(Scraped caption text data)
=-=-=-=-=
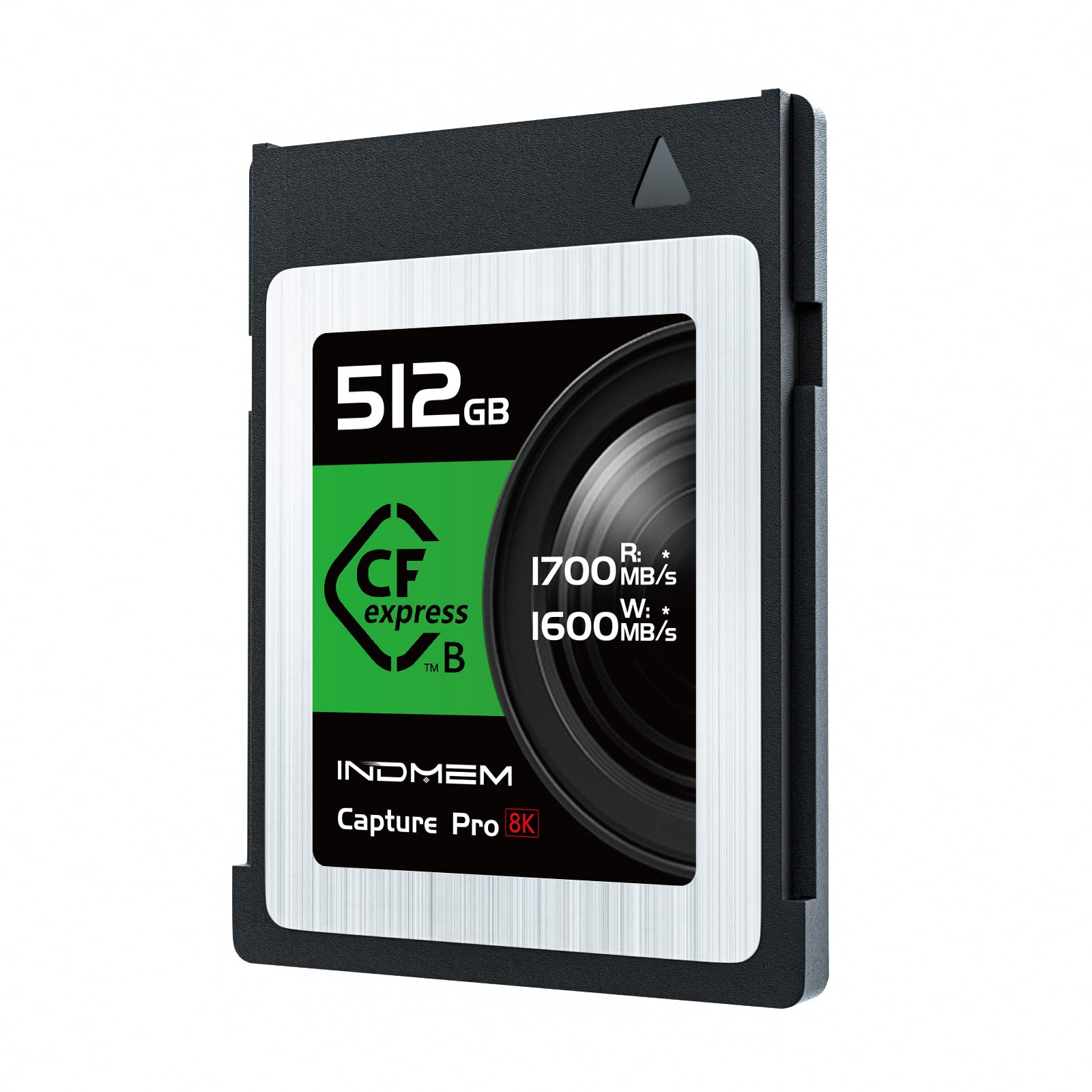 Amazon.com: 512GB CFexpress Type B Memory Card, Raw 8K Video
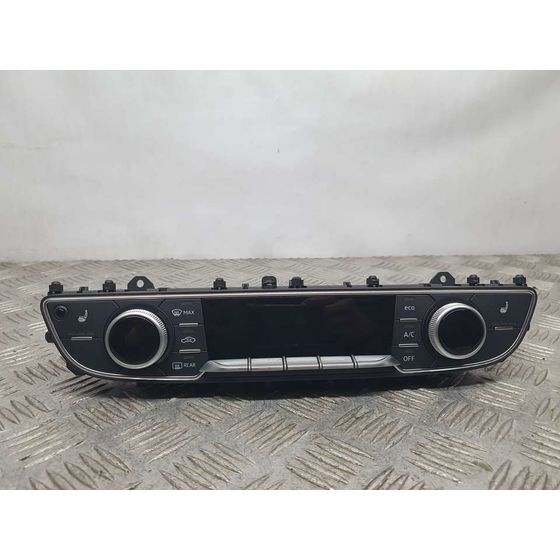 Mando Climatizador Para Audi Q7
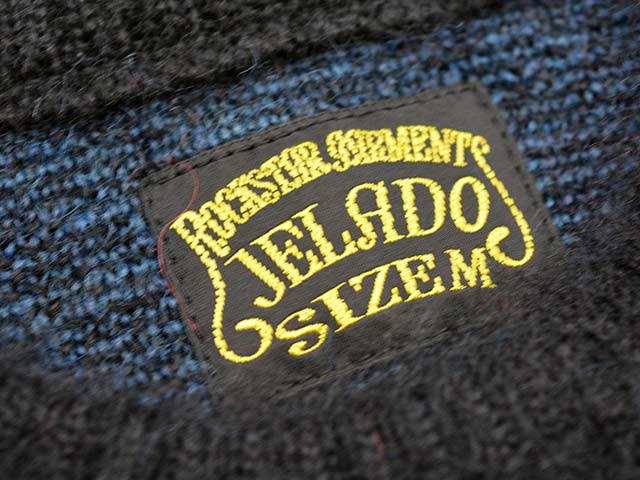 JELADO”ROCKSTAR GARMENTS”/ジェラード”ロックスターガーメンツ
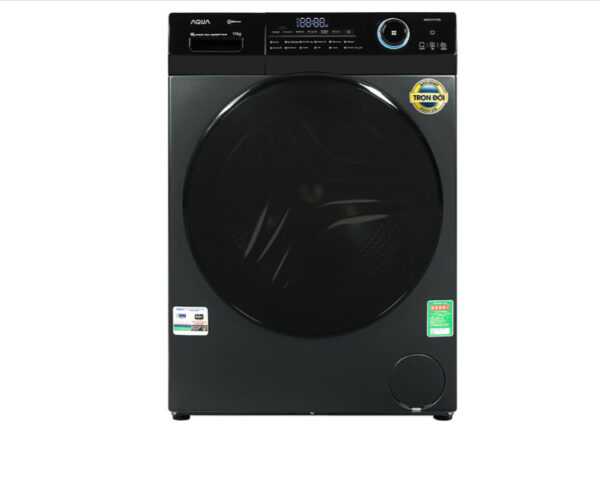 Máy giặt Aqua Inverter 11 kg AQD- D1102G BK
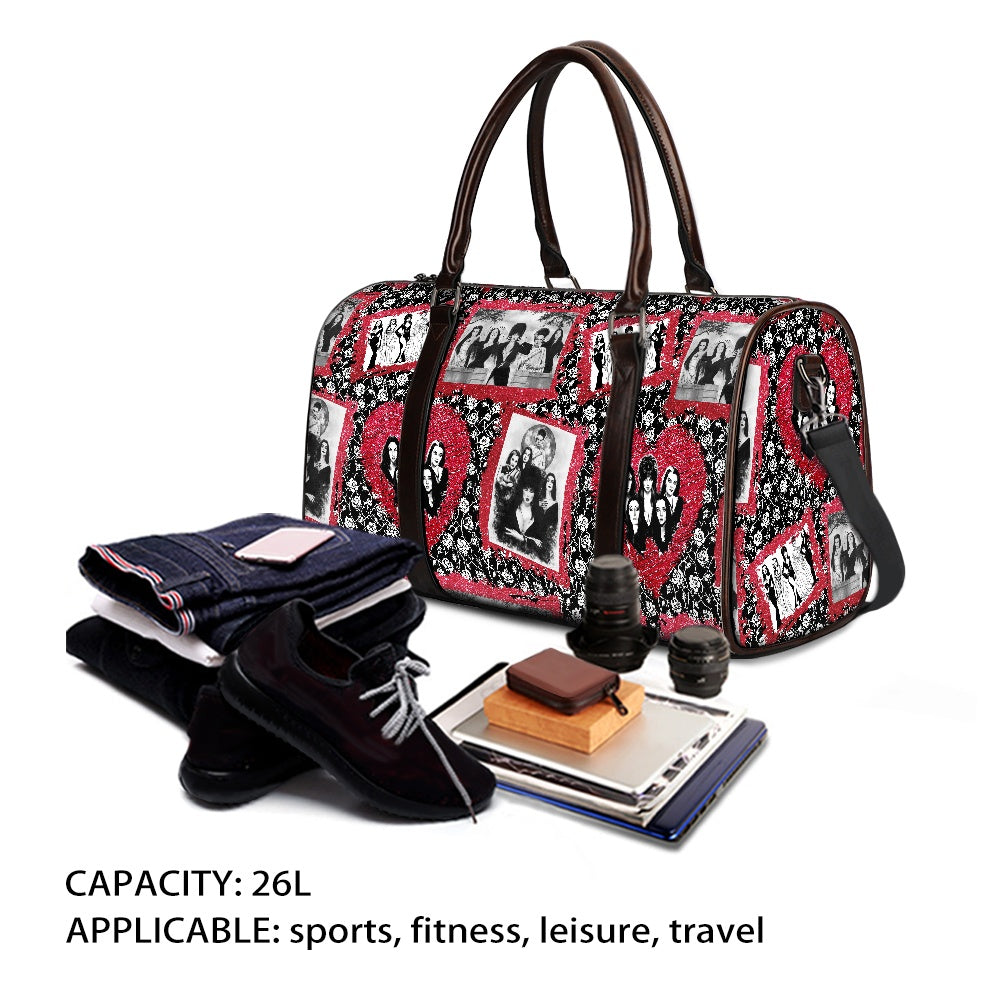 Scream Queens Travel Handbag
=-=-=-=-=
Instructions to follow:
Could you output all the entries above exactly as written, leaving out the pictures?

Response for this exercise:
 Amazon.com: 512GB CFexpress Type B Memory Card, Raw 8K Video
 Mando Climatizador Para Audi Q7
 JELADO”ROCKSTAR GARMENTS”/ジェラード”ロックスターガーメンツ
 Máy giặt Aqua Inverter 11 kg AQD- D1102G BK
 Scream Queens Travel Handbag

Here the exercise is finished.